The word has come back to haunt me at the oddest times over the last few days– while driving, while making teriyaki beef, while meeting with an entrepreneurship group. Last night, I dreamt in runcible terms.

Only today did I finally think of the word while I had access to a dictionary, and it wasn’t in there. So I turned to dictionary.com, and found this: “Early system for mathematics on IBM 650. See also FORTRUNCIBLE, IT.” Fortruncible? I was calling shenanigans. That just didn’t seem right, and certainly wan’t adjectival. So, finally, my good friend Google saved the day– it turns out “runcible” is a term that lies somewhere between nonsense and neologism. Created by Edward Lear in “The Owl and the Pussycat,” the term started showing up in other Lear poems and soon enough, people began defining it. Some dictionaries now include it– apparently my crappy desk dictionary is not one of them– defining it thusly: “However, since the 1920’s (several decades after Lear’s death), modern dictionaries have generally defined a runcible spoon to be a fork with three prongs, such as a pickle fork, which is curved like a spoon, and also has a cutting edge.”

Hoorah, Edward Lear. You have made my day, many years after your death. Perhaps Coventry Kessler’s magnificent term “eavesreading” will last as long as “runcible” has.

One Big Sigh

Poetry No Comments

I’ve just mailed off my final packet of work for my second semester of grad school. This one was relatively short– only about 27 pages total. I am at once both relieved and irretrievably sad.

From now until next January, everything I write in Little Fury will serve no purpose but to amuse me or– gasp– allow me to participate in a conversation much greater than the confines of central North Carolina. And usually both.

Perhaps tomorrow: the thoughts on found poetry that I’ve been storing up for a few days.

Poetry League of America!

Poetry, Thoughts No Comments

poetry_society.jpg

I propose that the Poetry Society of America was just fine for fighting against the formalism, but the new world faces new threats– language poetry, new formalism, the dastardly School of Quietude! We need a new group for poetry’s Silver Age.

poetry_league.jpg

Oh. My. God. I am such a geek.

The Shatner Scale

Poetry No Comments

The question was posed in another blog: how do we know the difference between good poetry and important poetry. This is, for most Americans, a very significant question, for we have no appartus for immediately evaluating importance, which so often requires a measure of historical perspective.

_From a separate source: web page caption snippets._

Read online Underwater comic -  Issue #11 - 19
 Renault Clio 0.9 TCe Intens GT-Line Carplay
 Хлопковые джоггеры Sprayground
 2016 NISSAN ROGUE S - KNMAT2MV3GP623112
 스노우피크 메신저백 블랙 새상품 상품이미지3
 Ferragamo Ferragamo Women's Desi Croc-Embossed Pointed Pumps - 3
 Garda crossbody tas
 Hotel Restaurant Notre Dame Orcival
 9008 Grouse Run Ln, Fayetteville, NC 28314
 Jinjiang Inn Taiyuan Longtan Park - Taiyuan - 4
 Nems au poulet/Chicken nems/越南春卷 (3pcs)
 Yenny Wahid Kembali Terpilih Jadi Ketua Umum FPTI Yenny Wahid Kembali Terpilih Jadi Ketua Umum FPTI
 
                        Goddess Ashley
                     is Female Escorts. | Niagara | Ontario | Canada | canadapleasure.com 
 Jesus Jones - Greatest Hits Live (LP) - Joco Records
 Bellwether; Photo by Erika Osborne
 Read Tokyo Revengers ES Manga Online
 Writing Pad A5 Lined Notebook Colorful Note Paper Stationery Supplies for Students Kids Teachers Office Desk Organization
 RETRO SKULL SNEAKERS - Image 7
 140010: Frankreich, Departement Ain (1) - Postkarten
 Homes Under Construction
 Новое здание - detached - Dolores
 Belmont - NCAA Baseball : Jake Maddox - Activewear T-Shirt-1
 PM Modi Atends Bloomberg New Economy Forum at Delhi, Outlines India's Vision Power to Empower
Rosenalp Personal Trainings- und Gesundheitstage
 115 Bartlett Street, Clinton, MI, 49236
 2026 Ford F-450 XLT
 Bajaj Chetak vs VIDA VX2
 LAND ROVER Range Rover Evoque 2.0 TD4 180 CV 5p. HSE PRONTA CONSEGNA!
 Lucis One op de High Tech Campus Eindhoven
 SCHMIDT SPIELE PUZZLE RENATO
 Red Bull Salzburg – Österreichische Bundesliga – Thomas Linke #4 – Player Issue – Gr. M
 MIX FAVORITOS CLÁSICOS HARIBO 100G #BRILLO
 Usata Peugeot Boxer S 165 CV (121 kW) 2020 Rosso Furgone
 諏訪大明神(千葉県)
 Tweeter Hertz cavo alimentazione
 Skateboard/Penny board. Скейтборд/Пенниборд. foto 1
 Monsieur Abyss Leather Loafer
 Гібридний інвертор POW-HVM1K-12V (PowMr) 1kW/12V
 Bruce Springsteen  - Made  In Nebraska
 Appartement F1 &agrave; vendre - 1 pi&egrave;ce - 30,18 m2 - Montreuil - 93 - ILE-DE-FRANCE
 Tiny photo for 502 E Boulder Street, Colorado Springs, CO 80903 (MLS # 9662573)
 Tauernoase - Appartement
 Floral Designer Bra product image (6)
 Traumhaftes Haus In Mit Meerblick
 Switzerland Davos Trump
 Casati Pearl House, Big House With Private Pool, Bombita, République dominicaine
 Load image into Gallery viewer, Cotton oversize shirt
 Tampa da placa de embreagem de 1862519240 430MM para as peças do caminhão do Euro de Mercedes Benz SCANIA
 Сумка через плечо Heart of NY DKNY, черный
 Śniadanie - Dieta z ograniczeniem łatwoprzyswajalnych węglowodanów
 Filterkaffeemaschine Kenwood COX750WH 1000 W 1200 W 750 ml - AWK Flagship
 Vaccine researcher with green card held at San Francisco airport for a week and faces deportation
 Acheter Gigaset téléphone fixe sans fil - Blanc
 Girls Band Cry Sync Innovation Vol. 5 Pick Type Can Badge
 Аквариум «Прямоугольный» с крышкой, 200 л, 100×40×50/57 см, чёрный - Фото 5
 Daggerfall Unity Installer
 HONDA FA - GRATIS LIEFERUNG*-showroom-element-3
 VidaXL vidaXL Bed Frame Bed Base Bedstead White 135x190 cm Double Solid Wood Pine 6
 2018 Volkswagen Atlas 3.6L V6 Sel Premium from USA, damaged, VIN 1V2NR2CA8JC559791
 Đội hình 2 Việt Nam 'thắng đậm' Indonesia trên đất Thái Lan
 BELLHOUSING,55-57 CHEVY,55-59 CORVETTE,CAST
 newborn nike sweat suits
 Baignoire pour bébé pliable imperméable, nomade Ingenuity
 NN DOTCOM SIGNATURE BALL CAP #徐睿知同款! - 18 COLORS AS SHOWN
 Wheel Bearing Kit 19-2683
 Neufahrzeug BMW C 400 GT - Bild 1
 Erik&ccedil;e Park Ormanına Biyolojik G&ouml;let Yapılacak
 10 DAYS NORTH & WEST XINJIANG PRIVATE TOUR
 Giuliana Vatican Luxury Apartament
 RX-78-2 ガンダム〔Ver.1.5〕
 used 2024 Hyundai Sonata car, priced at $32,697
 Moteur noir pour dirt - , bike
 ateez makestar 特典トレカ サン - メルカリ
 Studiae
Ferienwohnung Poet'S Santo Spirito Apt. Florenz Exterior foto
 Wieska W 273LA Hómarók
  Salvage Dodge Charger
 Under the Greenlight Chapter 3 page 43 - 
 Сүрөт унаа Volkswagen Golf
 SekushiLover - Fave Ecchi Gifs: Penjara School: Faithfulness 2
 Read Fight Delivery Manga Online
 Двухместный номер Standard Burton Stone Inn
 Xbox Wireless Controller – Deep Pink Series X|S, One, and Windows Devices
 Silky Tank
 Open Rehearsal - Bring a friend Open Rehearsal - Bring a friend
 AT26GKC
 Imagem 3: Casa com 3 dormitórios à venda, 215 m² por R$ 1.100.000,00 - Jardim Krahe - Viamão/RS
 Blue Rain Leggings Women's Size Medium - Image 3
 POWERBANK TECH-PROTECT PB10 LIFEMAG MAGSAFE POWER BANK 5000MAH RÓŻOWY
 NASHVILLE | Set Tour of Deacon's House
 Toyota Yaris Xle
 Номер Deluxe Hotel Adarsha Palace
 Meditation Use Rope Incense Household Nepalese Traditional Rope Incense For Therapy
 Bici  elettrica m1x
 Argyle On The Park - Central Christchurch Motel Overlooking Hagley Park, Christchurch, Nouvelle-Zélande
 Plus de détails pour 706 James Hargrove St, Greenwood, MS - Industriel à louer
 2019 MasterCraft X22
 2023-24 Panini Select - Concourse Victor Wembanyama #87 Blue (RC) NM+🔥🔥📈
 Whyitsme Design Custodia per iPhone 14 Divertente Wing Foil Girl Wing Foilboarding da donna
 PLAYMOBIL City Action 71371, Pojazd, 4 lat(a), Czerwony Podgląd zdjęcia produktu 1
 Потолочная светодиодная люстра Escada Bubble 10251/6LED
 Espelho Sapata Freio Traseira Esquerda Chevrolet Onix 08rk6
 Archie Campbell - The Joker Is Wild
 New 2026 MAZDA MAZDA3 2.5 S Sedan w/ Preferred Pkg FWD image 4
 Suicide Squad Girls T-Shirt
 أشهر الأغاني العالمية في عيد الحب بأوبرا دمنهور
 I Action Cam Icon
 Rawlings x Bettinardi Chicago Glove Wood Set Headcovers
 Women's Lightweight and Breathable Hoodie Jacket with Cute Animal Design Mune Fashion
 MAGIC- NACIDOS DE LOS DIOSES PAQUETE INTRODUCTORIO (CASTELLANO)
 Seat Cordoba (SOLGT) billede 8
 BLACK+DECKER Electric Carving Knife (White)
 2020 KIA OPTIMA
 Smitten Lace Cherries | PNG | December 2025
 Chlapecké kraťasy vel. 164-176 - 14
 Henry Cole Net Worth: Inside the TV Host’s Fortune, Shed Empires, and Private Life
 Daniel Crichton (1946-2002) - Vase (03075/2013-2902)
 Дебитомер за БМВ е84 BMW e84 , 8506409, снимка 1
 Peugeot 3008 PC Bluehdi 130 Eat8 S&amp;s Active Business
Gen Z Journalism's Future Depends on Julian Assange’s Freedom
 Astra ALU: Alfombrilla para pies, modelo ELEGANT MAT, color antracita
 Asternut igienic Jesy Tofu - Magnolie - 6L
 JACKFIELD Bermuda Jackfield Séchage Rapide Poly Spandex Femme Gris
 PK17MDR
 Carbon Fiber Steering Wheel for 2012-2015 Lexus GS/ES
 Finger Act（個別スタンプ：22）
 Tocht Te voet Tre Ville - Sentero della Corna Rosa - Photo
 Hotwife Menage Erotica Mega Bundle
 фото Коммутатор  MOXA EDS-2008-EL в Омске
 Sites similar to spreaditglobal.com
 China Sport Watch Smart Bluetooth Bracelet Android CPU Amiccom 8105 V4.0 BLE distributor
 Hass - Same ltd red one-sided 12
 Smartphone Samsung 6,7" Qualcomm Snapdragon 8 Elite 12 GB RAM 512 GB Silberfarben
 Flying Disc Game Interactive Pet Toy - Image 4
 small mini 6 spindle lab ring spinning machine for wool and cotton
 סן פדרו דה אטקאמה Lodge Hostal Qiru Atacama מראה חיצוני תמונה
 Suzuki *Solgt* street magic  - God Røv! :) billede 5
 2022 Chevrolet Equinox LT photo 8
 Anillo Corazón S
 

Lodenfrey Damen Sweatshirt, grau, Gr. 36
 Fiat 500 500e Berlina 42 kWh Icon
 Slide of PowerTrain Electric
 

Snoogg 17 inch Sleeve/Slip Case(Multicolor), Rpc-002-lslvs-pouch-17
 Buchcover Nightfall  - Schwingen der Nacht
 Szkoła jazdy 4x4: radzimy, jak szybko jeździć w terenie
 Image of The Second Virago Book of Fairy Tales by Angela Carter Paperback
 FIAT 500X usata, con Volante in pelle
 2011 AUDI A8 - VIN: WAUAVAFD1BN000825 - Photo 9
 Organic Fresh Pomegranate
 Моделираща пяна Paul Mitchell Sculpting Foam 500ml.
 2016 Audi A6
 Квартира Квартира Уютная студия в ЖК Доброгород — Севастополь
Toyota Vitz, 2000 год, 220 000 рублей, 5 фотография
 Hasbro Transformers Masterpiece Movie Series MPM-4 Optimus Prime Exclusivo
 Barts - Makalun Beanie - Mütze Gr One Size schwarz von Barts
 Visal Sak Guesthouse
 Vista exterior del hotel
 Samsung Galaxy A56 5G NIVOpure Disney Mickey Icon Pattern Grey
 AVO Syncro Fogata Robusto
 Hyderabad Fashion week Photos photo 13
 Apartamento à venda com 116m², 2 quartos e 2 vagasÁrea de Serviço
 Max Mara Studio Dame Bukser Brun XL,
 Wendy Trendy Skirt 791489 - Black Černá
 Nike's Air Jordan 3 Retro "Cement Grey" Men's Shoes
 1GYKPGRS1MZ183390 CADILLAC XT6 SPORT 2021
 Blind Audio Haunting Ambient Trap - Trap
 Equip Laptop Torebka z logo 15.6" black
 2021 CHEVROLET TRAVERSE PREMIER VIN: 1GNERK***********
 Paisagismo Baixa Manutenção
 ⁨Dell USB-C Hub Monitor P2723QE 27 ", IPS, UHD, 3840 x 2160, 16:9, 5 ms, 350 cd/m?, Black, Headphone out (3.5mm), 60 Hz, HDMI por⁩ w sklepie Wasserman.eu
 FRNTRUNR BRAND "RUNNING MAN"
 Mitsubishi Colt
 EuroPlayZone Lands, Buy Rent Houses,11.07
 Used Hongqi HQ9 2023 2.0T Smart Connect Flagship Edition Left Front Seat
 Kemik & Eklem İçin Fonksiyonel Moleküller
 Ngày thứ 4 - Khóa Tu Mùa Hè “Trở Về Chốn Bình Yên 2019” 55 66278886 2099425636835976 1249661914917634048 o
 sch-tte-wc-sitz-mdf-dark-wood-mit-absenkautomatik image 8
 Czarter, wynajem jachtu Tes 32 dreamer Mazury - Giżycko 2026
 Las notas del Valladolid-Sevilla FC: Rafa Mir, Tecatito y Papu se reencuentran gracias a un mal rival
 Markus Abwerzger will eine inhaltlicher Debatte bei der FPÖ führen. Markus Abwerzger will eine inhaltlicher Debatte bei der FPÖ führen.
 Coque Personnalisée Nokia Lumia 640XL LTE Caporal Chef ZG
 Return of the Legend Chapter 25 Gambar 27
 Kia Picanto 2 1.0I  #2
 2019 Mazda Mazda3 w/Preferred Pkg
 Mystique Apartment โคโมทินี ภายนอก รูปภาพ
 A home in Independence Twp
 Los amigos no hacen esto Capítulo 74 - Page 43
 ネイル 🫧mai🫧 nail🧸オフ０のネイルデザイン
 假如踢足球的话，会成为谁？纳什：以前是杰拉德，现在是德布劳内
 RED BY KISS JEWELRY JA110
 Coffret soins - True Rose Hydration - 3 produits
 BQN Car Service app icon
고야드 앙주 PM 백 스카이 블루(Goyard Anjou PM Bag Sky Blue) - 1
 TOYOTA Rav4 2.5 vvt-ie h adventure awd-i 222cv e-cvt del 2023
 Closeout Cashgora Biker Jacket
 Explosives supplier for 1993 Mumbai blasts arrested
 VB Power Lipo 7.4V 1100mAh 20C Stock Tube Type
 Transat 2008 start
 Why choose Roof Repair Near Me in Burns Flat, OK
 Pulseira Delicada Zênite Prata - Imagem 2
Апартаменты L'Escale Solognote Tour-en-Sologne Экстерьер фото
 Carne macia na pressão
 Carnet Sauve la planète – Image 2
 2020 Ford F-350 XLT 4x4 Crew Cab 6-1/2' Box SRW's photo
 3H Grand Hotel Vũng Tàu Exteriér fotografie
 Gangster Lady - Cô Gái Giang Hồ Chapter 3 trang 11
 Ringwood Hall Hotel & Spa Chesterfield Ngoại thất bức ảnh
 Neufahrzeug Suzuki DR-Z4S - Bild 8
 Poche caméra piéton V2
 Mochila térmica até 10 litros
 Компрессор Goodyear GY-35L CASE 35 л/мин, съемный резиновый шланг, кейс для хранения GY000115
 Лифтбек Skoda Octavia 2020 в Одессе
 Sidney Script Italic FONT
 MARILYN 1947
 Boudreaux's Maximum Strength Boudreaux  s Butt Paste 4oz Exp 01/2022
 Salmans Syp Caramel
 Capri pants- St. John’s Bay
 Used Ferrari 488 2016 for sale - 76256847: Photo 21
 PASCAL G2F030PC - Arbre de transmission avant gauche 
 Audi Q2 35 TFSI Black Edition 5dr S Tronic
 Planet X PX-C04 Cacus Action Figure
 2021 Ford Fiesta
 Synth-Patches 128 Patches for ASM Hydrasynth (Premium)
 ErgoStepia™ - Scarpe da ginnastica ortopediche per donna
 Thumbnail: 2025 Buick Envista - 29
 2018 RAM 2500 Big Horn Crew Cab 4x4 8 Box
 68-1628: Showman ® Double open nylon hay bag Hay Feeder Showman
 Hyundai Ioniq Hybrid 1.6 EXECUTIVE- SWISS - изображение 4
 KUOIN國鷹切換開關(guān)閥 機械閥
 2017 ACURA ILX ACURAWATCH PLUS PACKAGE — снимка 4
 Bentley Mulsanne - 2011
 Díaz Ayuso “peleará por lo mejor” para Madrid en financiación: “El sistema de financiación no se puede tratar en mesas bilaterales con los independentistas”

In most foreign countries, this evaluation poses no great task: poetry’s greatness is assessed by the Shatner Scale.

Bad poetry is poetry that is made pleasant only when read by William Shatner.

Good poetry is poetry that does not require a Shatner reading to be pleasant to the listener, but is improved by the Shatner reading.

Important poetry is poetry that, when read by Shatner, is no more pleasant than it was without Shatner. Only a very few poems meet this criteria.

Very little in the literary world is not made better with Shatner. There have been no important poems written since Shatner began filming Boston Legal, as he has not had time to read poems since.